=== Section Start ===

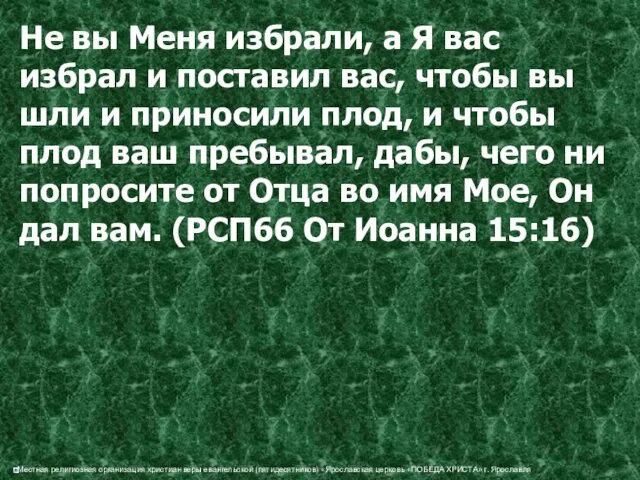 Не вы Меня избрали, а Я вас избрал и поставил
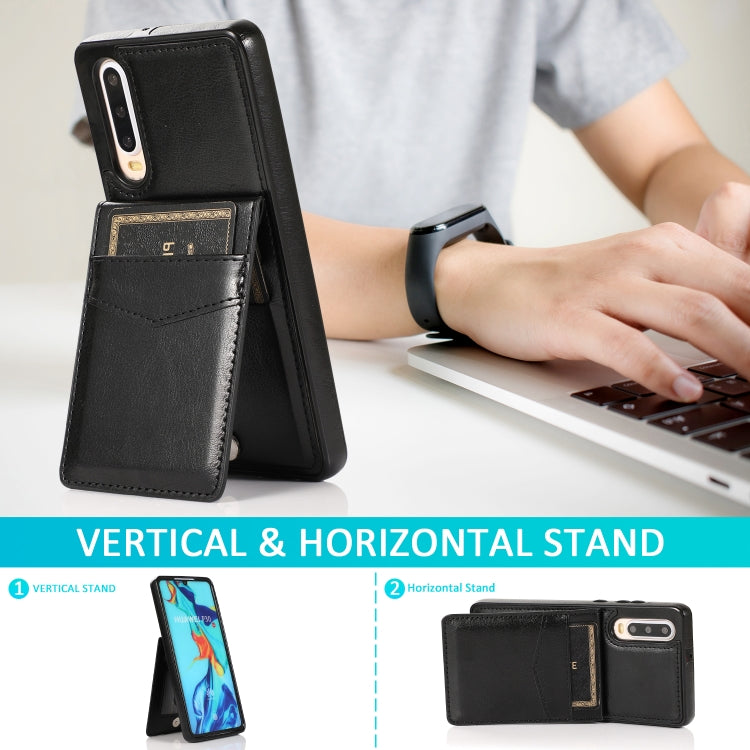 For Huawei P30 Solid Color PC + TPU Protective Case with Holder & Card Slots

=== Section End ===
=== Section Start ===

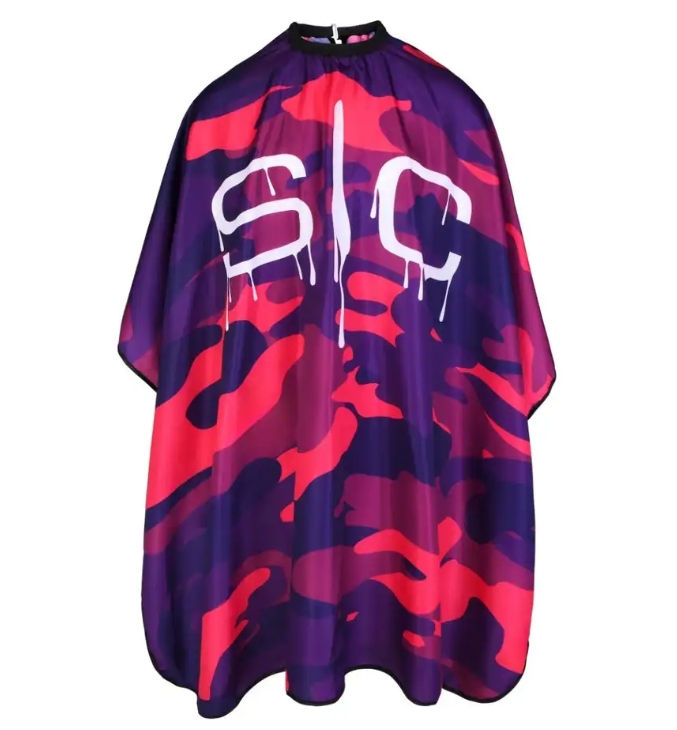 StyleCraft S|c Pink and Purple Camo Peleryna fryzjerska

=== Section End ===

EXERCISE OBJECTIVE: In the data above, take the line with "Не вы Меня избрали, а", the line with "For Huawei P30", and every line between, and set them down exactly without pictures.

REPLY TO THE TASK:
 Не вы Меня избрали, а Я вас избрал и поставил
 For Huawei P30 Solid Color PC + TPU Protective Case with Holder & Card Slots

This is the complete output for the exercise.